Today I want to offer to you a writing activity I led recently with some friends, and which I will be leading with my students in the new year. It’s a reflection practice, but also an opportunity to think about where we have been, where we are going, and how the stories we tell about our lives differ depending on our perspective of them.
First, make a list of each month of the year. Leave some space to write beneath or next to the month name. Begin with a list in chronological order, going from January of 2021 to December.
Now, take some time to reflect on each month. Next to where you have written the name, write out 2-3 words or phrases to describe that month or where you were within it. These do not have to make sense or go together.
Once you have done this for each month, start at January and take the words or phrases you have and write them into a poem or narrative. Go in chronological order first. If you need to add in words or phrases feel free to.
Then, take your whole narrative and reverse it. You can return to your list of months and write a new story beginning with December and going backwards to January, or you can simply reverse the sentence order of your full narrative.
See how this changes your story. See how it stays the same. See which version you prefer.

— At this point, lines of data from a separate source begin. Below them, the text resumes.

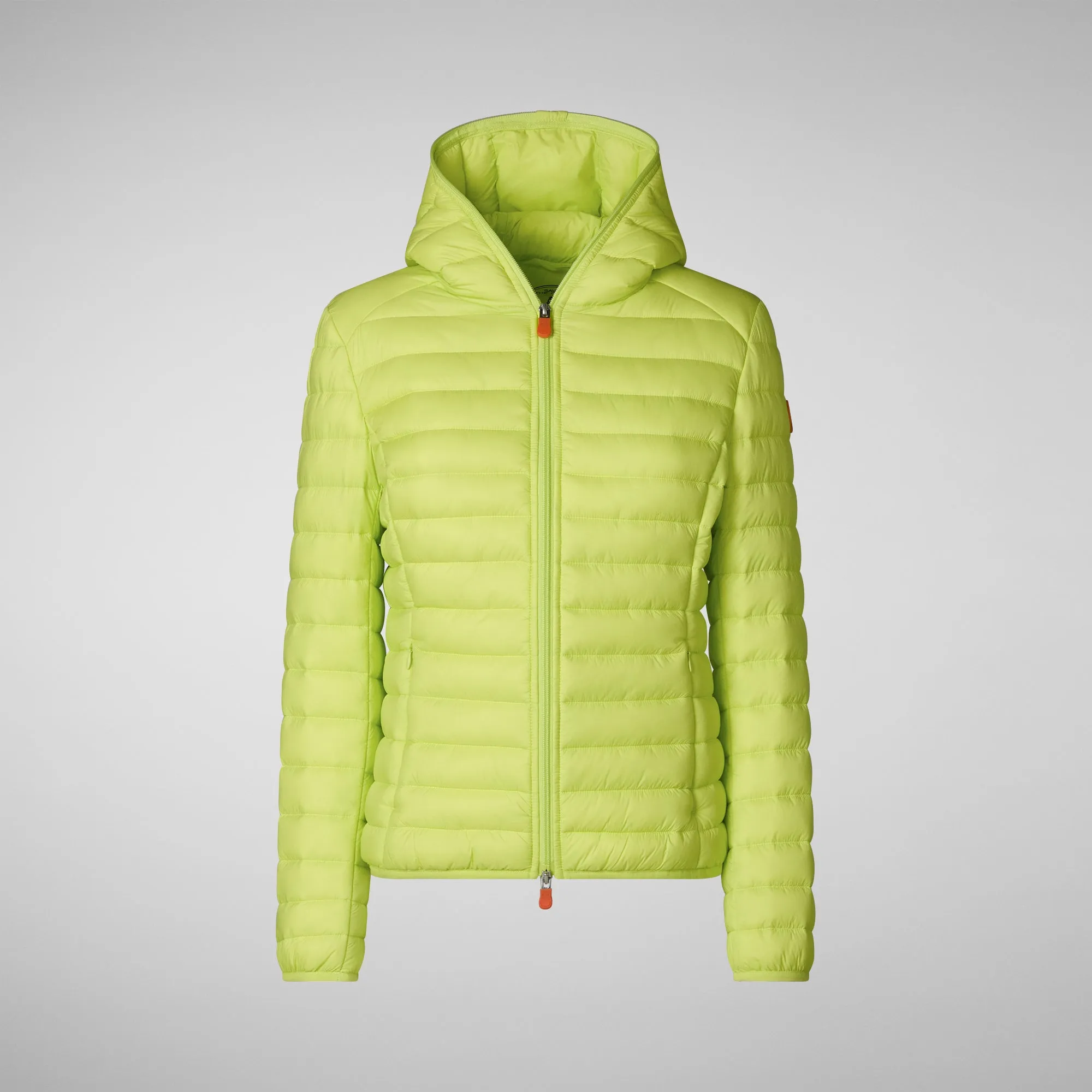 Woman's animal free hooded puffer jacket Daisy in lichen green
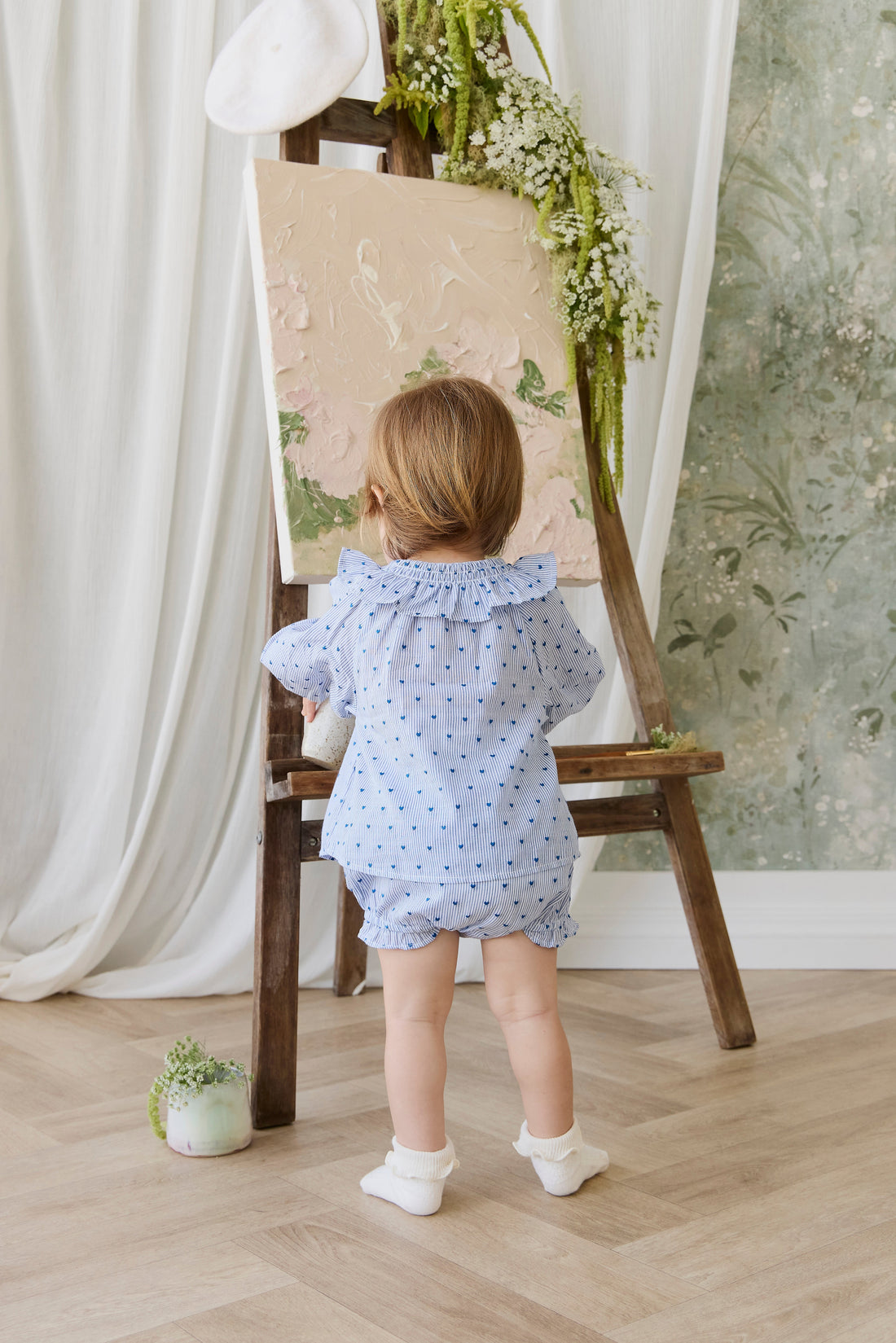 Organic Cotton Frill Bloomer - Mon Amour Stripe Indigo Childrens Bloomer from Jamie Kay USA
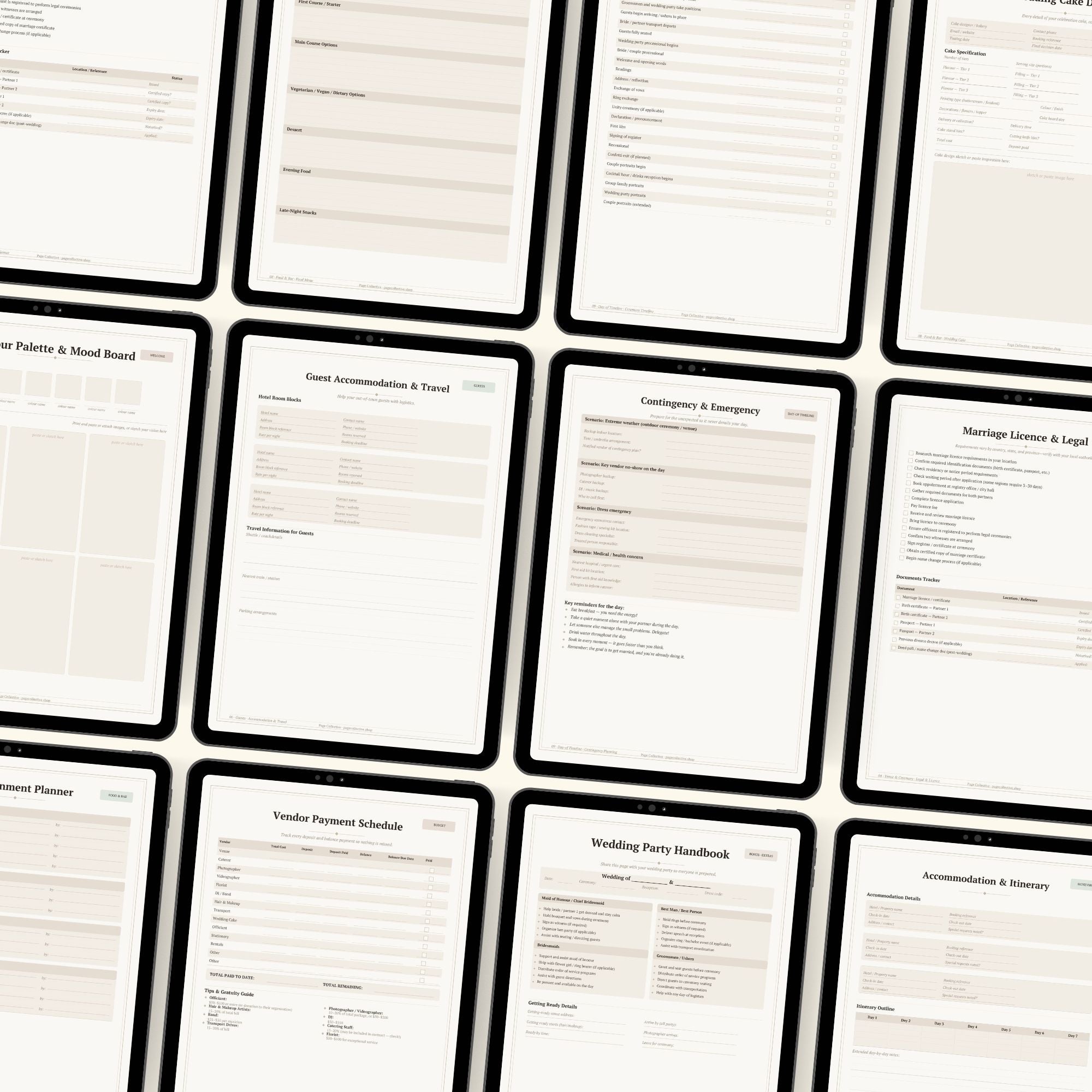 Grid of iPad screens with pages of Page Collective Wedding Planner on them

Below are my two versions. First is January - December, second is the reverse. I find, oddly, that I much prefer the reverse. Both poems are titled “Ghosts”.
Ghosts (version 1)
I am a ghost again. Frost turns the fields back white. By noon the cold fades and they are brown once more. In this season, even the cows have disappeared. In another place the sand freezes beneath my toes, the sun sinking slowly into the still, dark water. I drive into the orange light like fire on the horizon. It begins to rain and it does not stop. Pines disintegrate and reek of damp. I had thought it could be love, but it slips away again like stones into the river. Needles enter my flesh, some known, some new. I light what I know to be true on fire and watch it burn. In the blue of evening the lake shimmers. I hang my head out the window and watch as the world becomes something known once more. I swim beneath the dirty surface. Everything green, above. And I am reminded of myself. When the sun hits I grow hot to the touch. Desperate and needy. In my dreams the coastline calls me home. I am a mermaid sinking beneath its depths. I am a black snake slipping over the trail, and into the river. I am lost in the brush again. I keep calling but my voice is just an echo. And he is too, over and over again on my voicemail. I stare out at the trees as the world goes dark and I am the happiest I think I have ever been. This is a night that never seems to begin. Black concrete, hot coffee, pots of tea and honeyed wood. I tell myself I will stop drinking but I call again and the silence endures. Now, in the night, I am full of laughter. I am listening to moon song in the rain. I am swaying beneath the stars. I am somewhere and everywhere and nowhere all at once. This time I think it will be love. This time I know I want it to be true. When winter comes I learn I am wrong again, I am always wrong, the days are slipping back away, the leaves are falling down into the brush. My body is spindly like the bare branches, as if I could snap at any moment. On this drive there are no cows to mark the passage of time. The frost returns to the fields and I am pink beneath the glow. I turn the bend and the light is breaking over the water. It is the most beautiful thing I have ever seen.
Ghosts (version 2)
It is the most beautiful thing I have ever seen. I turn the bend and the light is breaking over the water. The frost returns to the fields and I am pink beneath the glow. On this drive there are no cows to mark the passage of time. My body is spindly like the bare branches, as if I could snap at any moment. When winter comes I learn I am wrong again, I am always wrong, the days are slipping back away, the leaves are falling down into the brush. This time I know I want it to be true. This time I think it will be love. I am somewhere and everywhere and nowhere all at once. I am swaying beneath the stars. I am listening to moon song in the rain. Now, in the night, I am full of laughter. I tell myself I will stop drinking but I call again and the silence endures. Black concrete, hot coffee, pots of tea and honeyed wood. I stare out at the trees as the world goes dark and I am the happiest I think I have ever been. And he is too, over and over again on my voicemail. I keep calling but my voice is just an echo. I am lost in the brush again. I am a black snake slipping over the trail and into the river. I am a mermaid sinking beneath its depths. In my dreams the coastline calls me home. Desperate and needy. When the sun hits I grow hot to the touch. And I am reminded of myself. Everything green, above. I swim beneath the dirty surface. I hang my head out the window and watch as the world becomes something known once more. In the blue of evening the lake shimmers. I light what I know to be true on fire and watch it burn. Needles enter my flesh, some known, some new. I had thought it could be love, but it slips away again like stones into the river. Pines disintegrate and reek of damp. It begins to rain and does not stop. I drive into the orange light like fire on the horizon. In another place the sand freezes beneath my toes, the sun sinking slowly into the still, dark water. In this season, even the cows have disappeared. By noon the cold fades and they are brown once more. Frost turns the fields back white. And I am a ghost again.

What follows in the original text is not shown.